Is It OK To Provide A Recorded Statement To The Insurance Company?
It is a standard question you will hear immediately upon contact from the at-fault parties auto insurance company or corporate home office-after a car accident or personal injury such as a premises liability claim: “We would like you to give a recorded statement.”
The car accident adjuster will make contact with you in very short order after the crash and explain that it is standard procedure for them to need two very simply things: 1) a recorded statement regarding what happened and 2) a medical release so they can collect your medical records and bills. Seems like very reasonable requests and the insurance company is being helpful to you, right? Wrong.
Is It Required?
No. There is absolutely no requirement, much less a legal duty under Georgia law, to provide a recorded statement to the at-fault party’s insurance company. The insurance company is only asking in the hopes of helping themselves defend against your personal injury claim later.
That is exactly why often times immediately after the car wreck, you will receive an initial letter from the adjuster introducing himself or herself and stating that they will close their file if you do not make contact; provide a statement; and fill out the medical release form sent along with the letter. You can ignore this letter all together because all that matters is that you do not wait to pursue your case past Georgia’s Statute of Limitations (2 yrs.).
The insurance company can and will re-open the file any time it receives information from you, including a copy of a lawsuit. You may and should totally ignore these tactics by Georgia car insurance companies, because they are just that, tactics to protect the insurance company, not you!
Why shouldn’t I give a statement?
After all, I have nothing to hide? While it is true you have nothing to hide, adjusters are trained in how to get admissions out of you without you even knowing that you are helping them defend against an otherwise defenseless case with tricky or open-ended questions that when replayed to a jury out of context appears to be an admission by you to such things as not being badly hurt.

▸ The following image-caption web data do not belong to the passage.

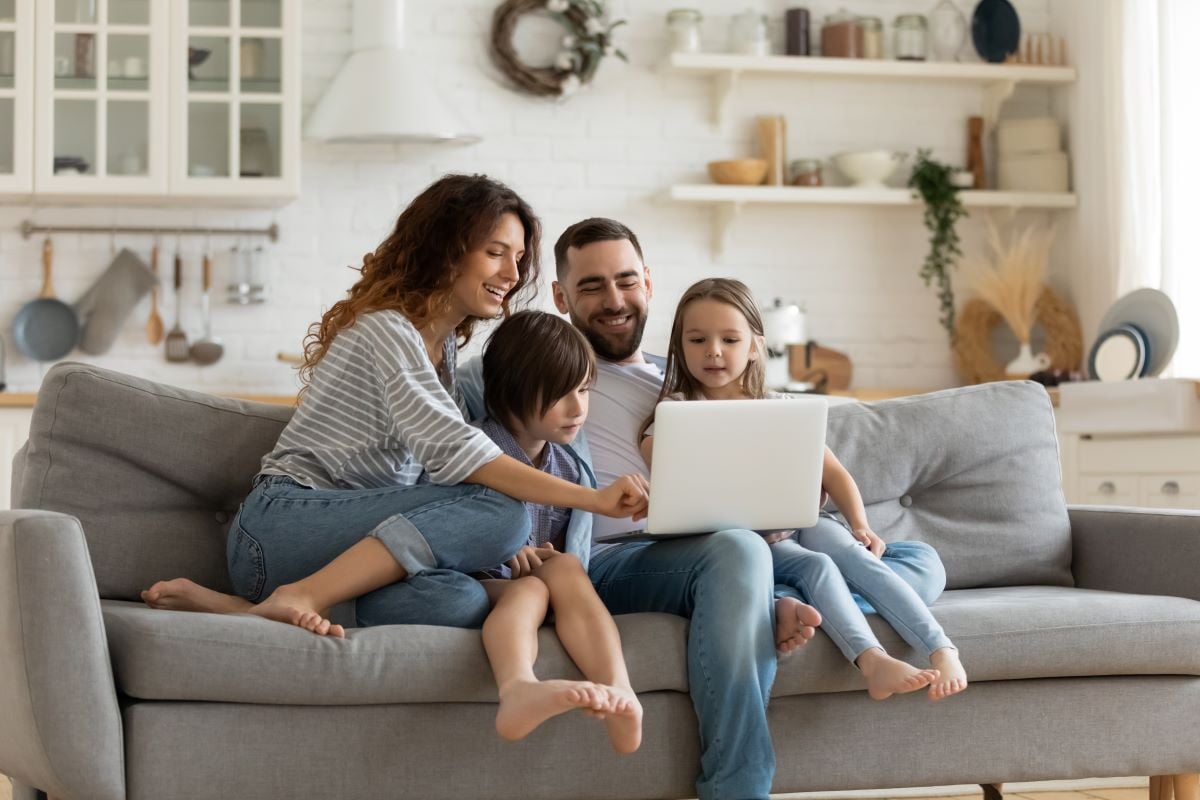 family on couch shutterstock_1660546246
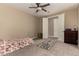 Neutral-toned bedroom with carpet flooring, a ceiling fan, and ample closet space at 887 W Santa Gertrudis Trl, San Tan Valley, AZ 85143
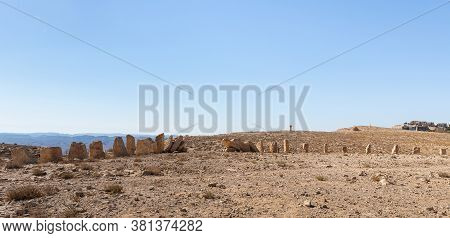 Large Boulders Stand In A Specific Order At Dawn In A Public Sculpture Park In The Desert, On A Clif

They may try to get you to admit that you did not do anything to avoid the collision, even if there was nothing you could have done. They may try to trick you into admitting something that was not true such as how fast you were going at the time, how far away their driver was from you before the collision, or what you did or did not see at the time. Again, adjusters are trained to conduct these interviews and to secure testimony that makes it less likely that their driver is to blame or simply corners you in to that testimony later in the case when it becomes important.
What About The Medical Record Release Authorization?
You may now be thinking, well that makes sense but certainly the medical release request at least a fair request? Wrong, again.
Remember, insurance companies do not do anything to protect your interests. Insurance companies in Georgia will use an executed medical release to collect every medical record for all past treatment to help begin to build a defense to your injury claim that you suffered from pre-existing conditions that explain why you are injured not the crash itself.
To top it all off, the insurance company will not even provide you with copies of what they have collected on you. Never provide a medical release to the insurance company. It can only hurt you.
The insurance company has no legal right to require it. You are the only who should be providing the insurance company with your medical records and billing statements for the treatment received since the injury in question, only. For this reason and many others, if you have a serious injury, hire an Atlanta Personal Injury Attorney with experience dealing with insurance companies and corporate home offices before you do something that hurts your claim.
How We Tell Our Clients To Handle These Requests
We tell our clients that the best way to handle these requests is to politely decline to give a recorded statement. Tell the adjuster that you will certainly provide him or her with all related medical records and bills as well as the police report in order for the insurance company to have all the information it needs to make an informed decision about settlement.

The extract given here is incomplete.